I know for myself I have been advocating for Human Rights for almost 5 decades. It all started with trying to get a traffic light put at a busy intersection so my schoolmates and I could walk safely to school. As I grew older I realised that the traffic light was something very small. The light was important to us and seem like such a huge win when it turn from red to green and we all could cross the street and go to school. Over the decades huge things have happened. I found myself on the front lines standing for women to have to right to decide their healthcare, efforts made to teach people it is important to understand where life begins. When I began this news blog I knew there were huge things happening out there. The battle over who can purchase a gun and the need to regulate the ownership so that those who would hold hatred in their hearts could not own one and kill the people they. Disasters that tear apart the beloved family home and in many cases would force a child to see things through a more adult lens. Human Right is not a small thing it is an ongoing process to help all of humanity find equality. This fight and struggle for Human Rights is not about tearing the people of privilege down but it is truly about teaching the people of privilege to lift others up. We can no longer stand and allow a group to point out “those people” and exclude them. We must find ways to allow everyone to sit equally in inclusion.
Human rights for all, still ‘work in progress warns Türk
Convened to mark the third decade of the adoption of the landmark Vienna Declaration and Programme of Action, the symposium aims at highlighting achievements and outlining challenges ahead.
“While there have been massive gains in human rights since the Vienna Declaration, today, all around the world, we are seeing dramatic rollbacks”, he said. “The common language of human rights is our compass to guide us towards progress.”
The global agreement remains a “living document that can guide us today in our ambitions”, the High Commissioner said.
Rolling back rights
From Afghanistan to Ukraine, he said, the world is witnessing pushbacks on rights, a rise in hate speech, shrinking civic space, and a changing geopolitical landscape that has revealed a disturbing trend of deepened divisions within and across countries threatening national cohesion, he warned.

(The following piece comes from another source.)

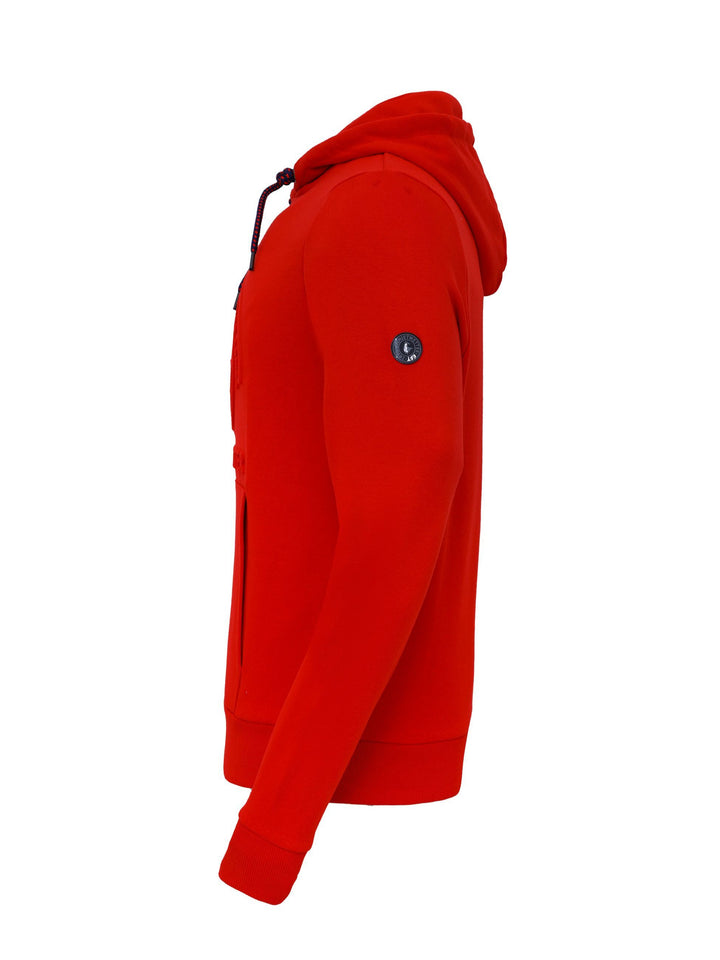 #farbe_red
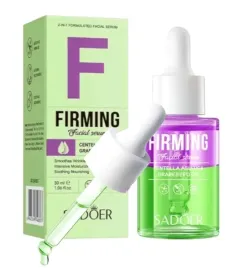 serum-dwufazowe-do-twarzy-olejek-z-winogron-wakrotka-azjatycka-sadoer-30ml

The 21st century has also seen the triple planetary crisis of climate change, biodiversity loss, and pollution alongside digital shifts, including artificial intelligence developments, that are rapidly transforming the world, “moving faster than the regulators who should be setting up careful human rights guardrails to protect us from their dangers”, he said.
Rights foundations
“Today’s emerging human rights challenges will continue to test us,” he said. “It would be naïve to say we can pass all these tests, but it would be dangerous and counter-productive to stop trying.”
Recalling his youth in post-Second World War Austria, he said the “echoes of trauma and of grave human rights violations were palpable”.
The Universal Declaration of Human Rights, which turns 75 this year, was “a powerful unifying force for equality, social progress, justice, and respect” in an era of profound social transformations amid dynamic movements for social justice, feminism, LGBTI rights, anti-apartheid, decolonization, and environmental protection, he said.
When UN Member States adopted the Vienna Declaration in 1993, the agreement had shattered the long-held fallacy that social, economic, and cultural rights have less value than civil and political rights, he said.
The landmark agreement also confirmed the conviction that human rights are universal, indivisible, interdependent, and interrelated, and boldly rejected the view that certain human rights could be considered optional while paving the path for numerous other breakthroughs, from establishing the International Criminal Court, to historical advances on the rights of women, children, and indigenous peoples.
Learning from mistakes
“Anniversaries are arbitrary unless we seize them as meaningful opportunities to reflect on our achievements, learn from our mistakes, and take fearless steps towards progress and transformation,” he said.
“The task before all of us today, this year, and in the future is to apply the Universal Declaration’s visionary words to our current global challenges,” he said, urging all participants to constructively join the symposium with pledges and positive impact stories.
“Restoring faith and certainty in human rights at a time of profound global turmoil is the focus of this symposium, and it must be the focus of our future,” he added.
UN’s call to action
In a video message to mark the anniversary, UN Secretary-General António Guterres said his Call to Action spells out the central role of human rights in addressing the world’s most pressing contemporary challenges.
It also aims at mobilizing the “full weight” of the UN to ensure that all people, everywhere, enjoy their human rights, he stressed.
“As we remember those who worked for the Vienna Declaration and Programme of Action, we pledge to continue the fight to put human rights at the heart of our work, and our world to guarantee freedom, justice and equality for all,” he said.